The Roundup excerpts from a Merc article (I'm too lazy to remember my log-in or re-register today) about Assembly Speaker Fabian Núñez getting "pummeled" this week over how he uses his campaign accounts. His sin? Traveling a bunch on not-the-state's-dime.
Oh dear. Let me raise my hackles. Nope, they aren't going up.
But what's the real sin here? That his "lavish spending contradict[s] the image he cultivated over the years as a champion for the working poor."
Does it really? Damn, I thought he was a role model for the working poor. And Pitzer grads. I see no contradiction in working to achieve a powerful position and then benefiting from the expanded world view to which one can be exposed in that position - if one takes advantage of those opportunities. And Núñez frames it best: 'I think the fundamental question here is, should I use campaign funds for trade missions and educational missions, or should I be using government money, or should I be using non-profit entities that sponsor trips like these?'
It's campaign funds he's using. Let's be clear about that. This is money other people just give him. Under the law, it's given with no strings attached. If donors don't like what he does with it, they can stop donating. If he were using taxpayer money, perhaps the bitching and moaning would be warranted. If sketchy outfits were sponsoring his travel, that would be, uh, sketchy.

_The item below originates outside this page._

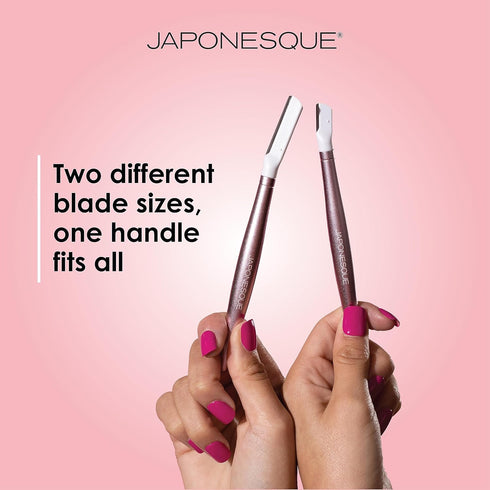 JAPONESQUE SKINTherapy Dermaplaning Facial Razors - Two Blade Sizes, Interchangeable Handle, Eyebrow Razor, Ultra Sharp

It's the great American paradox, isn't it? We've got so many Americans living in or dangerously near poverty (a level that is laughably rigged to decrease the number of people who technically meet the requirement, while hiding others who need help badly), yet true tax reform probably won't happen because everyone believes they'll make the $800k or so per year needed to trigger the scary-scary tax consequences about which the rich howl. Hell, I want to make that much. I probably won't. But once someone makes money, makes a name, puts themselves in a better position than his parents - boom! - he's an out of touch richie who must be of lesser character for no longer living the hardknocks life we're all supposed to work our way out of. Clear? Yeah, that's what I thought.
Anyway - give the guy a break. He's one of the most effective politicians this state has seen in a LONG time. Don't beat him up because it's an otherwise slow news week.